§ Task directions: Begin at the line below that has "Surtido de deliciosa tarta de manzana" and stop after the line that has "Used 2023 Hyundai Kona SE FWD image 3". Please restate only those lines, word for word.

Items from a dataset
= = = =

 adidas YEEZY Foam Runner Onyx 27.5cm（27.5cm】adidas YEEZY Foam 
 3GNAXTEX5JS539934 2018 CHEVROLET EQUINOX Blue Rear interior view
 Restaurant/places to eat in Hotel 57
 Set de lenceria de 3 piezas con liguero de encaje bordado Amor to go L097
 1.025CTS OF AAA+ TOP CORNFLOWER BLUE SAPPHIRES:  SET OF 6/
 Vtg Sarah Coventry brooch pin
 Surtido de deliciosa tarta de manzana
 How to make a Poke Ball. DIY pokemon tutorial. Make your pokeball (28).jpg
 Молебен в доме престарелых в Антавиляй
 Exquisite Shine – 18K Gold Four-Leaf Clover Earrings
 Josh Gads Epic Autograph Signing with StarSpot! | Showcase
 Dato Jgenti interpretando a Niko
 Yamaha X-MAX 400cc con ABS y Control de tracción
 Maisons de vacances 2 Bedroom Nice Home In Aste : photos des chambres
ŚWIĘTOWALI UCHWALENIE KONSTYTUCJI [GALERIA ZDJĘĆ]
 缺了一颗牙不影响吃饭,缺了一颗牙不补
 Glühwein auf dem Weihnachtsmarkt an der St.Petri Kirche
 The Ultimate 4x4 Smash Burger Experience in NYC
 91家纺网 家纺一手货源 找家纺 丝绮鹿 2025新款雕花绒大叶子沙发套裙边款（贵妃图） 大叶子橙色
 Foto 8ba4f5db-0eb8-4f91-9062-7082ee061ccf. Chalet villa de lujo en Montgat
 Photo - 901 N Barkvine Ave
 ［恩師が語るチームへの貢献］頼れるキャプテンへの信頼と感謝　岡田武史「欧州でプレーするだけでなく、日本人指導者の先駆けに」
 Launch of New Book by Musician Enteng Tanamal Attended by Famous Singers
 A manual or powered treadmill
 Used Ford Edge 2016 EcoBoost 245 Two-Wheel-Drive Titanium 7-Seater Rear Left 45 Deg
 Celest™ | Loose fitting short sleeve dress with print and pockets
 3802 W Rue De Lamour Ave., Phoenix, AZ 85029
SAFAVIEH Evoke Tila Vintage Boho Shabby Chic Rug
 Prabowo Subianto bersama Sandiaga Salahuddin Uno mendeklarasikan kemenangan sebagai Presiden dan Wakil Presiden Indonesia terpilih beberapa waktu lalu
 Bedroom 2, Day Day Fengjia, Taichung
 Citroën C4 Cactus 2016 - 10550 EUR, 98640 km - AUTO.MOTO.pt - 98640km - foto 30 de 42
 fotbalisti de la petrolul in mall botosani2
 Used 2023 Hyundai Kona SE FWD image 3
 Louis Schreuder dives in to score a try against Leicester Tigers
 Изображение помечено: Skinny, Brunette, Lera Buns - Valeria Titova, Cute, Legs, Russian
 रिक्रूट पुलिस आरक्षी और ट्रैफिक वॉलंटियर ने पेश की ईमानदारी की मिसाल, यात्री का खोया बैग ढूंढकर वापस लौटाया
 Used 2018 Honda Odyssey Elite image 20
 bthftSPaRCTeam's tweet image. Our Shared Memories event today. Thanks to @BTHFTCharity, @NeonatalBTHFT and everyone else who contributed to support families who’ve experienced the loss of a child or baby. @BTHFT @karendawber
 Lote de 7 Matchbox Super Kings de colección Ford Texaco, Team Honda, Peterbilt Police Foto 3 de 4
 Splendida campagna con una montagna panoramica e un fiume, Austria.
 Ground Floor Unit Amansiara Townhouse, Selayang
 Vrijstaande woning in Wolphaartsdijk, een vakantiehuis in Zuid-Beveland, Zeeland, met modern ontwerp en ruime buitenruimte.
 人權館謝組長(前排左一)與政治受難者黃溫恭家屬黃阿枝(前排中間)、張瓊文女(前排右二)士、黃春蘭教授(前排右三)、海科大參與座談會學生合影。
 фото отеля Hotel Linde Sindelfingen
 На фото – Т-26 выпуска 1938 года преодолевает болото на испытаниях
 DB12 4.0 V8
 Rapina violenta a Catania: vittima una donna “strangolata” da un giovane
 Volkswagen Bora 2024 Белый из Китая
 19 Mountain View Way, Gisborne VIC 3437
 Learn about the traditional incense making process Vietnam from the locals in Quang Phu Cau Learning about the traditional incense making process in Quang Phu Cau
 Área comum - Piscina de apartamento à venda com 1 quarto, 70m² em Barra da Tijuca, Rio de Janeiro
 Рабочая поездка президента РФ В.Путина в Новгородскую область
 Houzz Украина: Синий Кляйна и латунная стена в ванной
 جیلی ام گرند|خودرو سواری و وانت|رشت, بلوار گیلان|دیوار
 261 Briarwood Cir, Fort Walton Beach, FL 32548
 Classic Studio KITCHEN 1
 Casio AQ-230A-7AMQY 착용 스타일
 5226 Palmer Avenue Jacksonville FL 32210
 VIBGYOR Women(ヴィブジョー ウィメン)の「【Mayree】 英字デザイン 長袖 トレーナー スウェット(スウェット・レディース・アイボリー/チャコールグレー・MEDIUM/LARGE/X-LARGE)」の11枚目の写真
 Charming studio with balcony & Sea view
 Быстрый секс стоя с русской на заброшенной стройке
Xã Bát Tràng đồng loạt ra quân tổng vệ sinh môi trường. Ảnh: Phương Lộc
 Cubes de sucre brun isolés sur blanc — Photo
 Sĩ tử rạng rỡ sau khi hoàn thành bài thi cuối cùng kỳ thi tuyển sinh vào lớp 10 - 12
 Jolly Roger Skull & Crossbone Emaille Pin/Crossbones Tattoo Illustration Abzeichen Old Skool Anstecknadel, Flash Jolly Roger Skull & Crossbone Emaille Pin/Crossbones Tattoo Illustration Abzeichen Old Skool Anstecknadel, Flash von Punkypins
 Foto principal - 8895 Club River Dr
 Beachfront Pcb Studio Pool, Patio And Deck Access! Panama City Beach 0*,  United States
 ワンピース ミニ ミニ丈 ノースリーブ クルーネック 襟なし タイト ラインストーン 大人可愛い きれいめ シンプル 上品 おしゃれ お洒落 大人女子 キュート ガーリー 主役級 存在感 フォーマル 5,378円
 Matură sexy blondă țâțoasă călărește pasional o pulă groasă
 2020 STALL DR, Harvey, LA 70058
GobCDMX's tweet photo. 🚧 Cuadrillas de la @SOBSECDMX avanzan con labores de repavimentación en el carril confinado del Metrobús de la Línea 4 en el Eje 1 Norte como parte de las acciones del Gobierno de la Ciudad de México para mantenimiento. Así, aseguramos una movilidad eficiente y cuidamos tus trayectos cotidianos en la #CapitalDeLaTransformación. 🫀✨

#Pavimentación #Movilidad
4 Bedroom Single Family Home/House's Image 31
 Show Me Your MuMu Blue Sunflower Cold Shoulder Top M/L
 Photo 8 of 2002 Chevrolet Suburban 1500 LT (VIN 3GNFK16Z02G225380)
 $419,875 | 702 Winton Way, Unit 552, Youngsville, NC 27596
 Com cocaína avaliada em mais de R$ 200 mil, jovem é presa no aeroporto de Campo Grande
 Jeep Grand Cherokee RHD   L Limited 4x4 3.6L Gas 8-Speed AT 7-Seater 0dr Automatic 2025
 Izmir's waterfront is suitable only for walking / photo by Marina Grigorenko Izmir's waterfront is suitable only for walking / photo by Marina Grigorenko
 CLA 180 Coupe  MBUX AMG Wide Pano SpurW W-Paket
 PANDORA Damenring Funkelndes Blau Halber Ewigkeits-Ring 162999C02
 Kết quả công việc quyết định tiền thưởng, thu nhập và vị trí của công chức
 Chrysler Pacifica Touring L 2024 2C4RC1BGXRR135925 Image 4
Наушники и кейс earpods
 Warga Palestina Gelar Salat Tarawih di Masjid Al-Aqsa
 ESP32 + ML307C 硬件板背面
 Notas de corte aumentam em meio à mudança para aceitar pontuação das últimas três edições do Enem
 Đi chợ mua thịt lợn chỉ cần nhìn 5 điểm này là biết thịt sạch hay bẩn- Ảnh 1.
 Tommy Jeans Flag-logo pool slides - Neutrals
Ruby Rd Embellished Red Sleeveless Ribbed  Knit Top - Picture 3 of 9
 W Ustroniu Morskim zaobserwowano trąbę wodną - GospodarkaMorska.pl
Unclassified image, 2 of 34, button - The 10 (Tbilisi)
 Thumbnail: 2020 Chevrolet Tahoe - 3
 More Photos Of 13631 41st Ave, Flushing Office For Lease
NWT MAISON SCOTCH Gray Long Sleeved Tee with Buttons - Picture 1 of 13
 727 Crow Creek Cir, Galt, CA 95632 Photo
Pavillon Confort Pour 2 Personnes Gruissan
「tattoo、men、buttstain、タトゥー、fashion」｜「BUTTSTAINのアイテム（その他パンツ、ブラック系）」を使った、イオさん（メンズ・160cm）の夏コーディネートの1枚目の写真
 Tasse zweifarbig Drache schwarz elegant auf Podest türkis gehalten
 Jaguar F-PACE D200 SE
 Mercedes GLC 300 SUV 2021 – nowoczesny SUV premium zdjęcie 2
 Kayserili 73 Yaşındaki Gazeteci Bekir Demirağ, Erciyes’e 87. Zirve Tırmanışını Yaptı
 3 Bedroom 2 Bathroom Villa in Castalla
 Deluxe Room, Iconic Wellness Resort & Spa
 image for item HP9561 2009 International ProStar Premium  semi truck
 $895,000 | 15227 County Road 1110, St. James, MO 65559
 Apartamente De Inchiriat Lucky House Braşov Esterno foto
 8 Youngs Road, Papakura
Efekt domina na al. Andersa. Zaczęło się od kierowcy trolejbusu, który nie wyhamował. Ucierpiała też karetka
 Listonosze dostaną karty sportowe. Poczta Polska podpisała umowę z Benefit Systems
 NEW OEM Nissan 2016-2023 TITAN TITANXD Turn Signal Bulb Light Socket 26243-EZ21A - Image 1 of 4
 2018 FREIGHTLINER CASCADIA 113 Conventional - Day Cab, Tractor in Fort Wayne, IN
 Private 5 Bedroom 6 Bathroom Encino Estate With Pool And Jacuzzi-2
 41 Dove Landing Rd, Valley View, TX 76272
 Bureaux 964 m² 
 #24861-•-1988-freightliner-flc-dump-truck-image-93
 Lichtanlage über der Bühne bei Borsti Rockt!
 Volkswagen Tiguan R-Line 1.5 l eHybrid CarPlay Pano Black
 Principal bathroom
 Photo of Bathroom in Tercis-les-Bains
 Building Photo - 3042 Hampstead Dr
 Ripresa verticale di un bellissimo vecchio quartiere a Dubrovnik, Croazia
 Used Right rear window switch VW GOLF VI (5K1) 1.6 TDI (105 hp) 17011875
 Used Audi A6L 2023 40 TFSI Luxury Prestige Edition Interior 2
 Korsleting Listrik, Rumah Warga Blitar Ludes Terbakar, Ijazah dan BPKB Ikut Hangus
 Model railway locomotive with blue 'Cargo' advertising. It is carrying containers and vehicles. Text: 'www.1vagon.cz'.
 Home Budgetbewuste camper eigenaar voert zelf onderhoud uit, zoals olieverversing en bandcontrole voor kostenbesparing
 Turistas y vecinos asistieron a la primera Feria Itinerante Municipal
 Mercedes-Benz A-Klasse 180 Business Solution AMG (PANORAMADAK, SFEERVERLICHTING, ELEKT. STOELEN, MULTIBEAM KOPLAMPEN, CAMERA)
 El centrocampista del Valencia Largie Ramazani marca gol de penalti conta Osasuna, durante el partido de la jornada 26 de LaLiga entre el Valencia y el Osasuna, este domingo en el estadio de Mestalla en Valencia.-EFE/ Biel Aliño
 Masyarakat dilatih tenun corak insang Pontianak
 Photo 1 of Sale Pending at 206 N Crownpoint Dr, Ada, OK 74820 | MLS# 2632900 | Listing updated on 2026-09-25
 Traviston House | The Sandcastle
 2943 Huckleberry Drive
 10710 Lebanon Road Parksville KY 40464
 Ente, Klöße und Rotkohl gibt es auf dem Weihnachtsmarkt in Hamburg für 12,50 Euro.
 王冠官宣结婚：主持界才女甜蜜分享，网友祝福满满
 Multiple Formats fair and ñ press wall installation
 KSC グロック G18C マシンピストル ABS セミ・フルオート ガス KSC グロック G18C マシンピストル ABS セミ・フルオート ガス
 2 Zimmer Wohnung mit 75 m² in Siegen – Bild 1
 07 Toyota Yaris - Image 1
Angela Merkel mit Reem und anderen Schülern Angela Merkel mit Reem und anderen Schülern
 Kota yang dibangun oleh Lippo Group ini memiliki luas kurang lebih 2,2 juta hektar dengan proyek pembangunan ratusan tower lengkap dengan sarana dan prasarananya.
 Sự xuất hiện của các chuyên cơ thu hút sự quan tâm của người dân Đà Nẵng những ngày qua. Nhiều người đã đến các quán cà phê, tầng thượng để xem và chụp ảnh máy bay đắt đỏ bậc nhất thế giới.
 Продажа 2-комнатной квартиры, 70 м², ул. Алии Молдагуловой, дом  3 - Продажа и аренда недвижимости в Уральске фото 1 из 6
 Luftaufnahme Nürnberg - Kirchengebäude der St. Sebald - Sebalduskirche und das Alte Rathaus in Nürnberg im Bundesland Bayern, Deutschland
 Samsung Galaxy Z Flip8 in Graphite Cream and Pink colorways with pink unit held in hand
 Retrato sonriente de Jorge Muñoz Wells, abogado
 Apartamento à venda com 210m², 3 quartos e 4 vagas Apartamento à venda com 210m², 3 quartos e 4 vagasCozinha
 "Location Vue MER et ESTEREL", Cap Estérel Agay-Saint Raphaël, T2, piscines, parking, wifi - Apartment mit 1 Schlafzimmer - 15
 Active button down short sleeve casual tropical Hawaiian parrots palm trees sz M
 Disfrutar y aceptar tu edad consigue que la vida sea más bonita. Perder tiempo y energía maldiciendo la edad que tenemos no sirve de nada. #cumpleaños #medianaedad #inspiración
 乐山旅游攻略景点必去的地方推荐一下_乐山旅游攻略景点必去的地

= = = =

§ Solution to this problem:
 Surtido de deliciosa tarta de manzana
 How to make a Poke Ball. DIY pokemon tutorial. Make your pokeball (28).jpg
 Молебен в доме престарелых в Антавиляй
 Exquisite Shine – 18K Gold Four-Leaf Clover Earrings
 Josh Gads Epic Autograph Signing with StarSpot! | Showcase
 Dato Jgenti interpretando a Niko
 Yamaha X-MAX 400cc con ABS y Control de tracción
 Maisons de vacances 2 Bedroom Nice Home In Aste : photos des chambres
ŚWIĘTOWALI UCHWALENIE KONSTYTUCJI [GALERIA ZDJĘĆ]
 缺了一颗牙不影响吃饭,缺了一颗牙不补
 Glühwein auf dem Weihnachtsmarkt an der St.Petri Kirche
 The Ultimate 4x4 Smash Burger Experience in NYC
 91家纺网 家纺一手货源 找家纺 丝绮鹿 2025新款雕花绒大叶子沙发套裙边款（贵妃图） 大叶子橙色
 Foto 8ba4f5db-0eb8-4f91-9062-7082ee061ccf. Chalet villa de lujo en Montgat
 Photo - 901 N Barkvine Ave
 ［恩師が語るチームへの貢献］頼れるキャプテンへの信頼と感謝　岡田武史「欧州でプレーするだけでなく、日本人指導者の先駆けに」
 Launch of New Book by Musician Enteng Tanamal Attended by Famous Singers
 A manual or powered treadmill
 Used Ford Edge 2016 EcoBoost 245 Two-Wheel-Drive Titanium 7-Seater Rear Left 45 Deg
 Celest™ | Loose fitting short sleeve dress with print and pockets
 3802 W Rue De Lamour Ave., Phoenix, AZ 85029
SAFAVIEH Evoke Tila Vintage Boho Shabby Chic Rug
 Prabowo Subianto bersama Sandiaga Salahuddin Uno mendeklarasikan kemenangan sebagai Presiden dan Wakil Presiden Indonesia terpilih beberapa waktu lalu
 Bedroom 2, Day Day Fengjia, Taichung
 Citroën C4 Cactus 2016 - 10550 EUR, 98640 km - AUTO.MOTO.pt - 98640km - foto 30 de 42
 fotbalisti de la petrolul in mall botosani2
 Used 2023 Hyundai Kona SE FWD image 3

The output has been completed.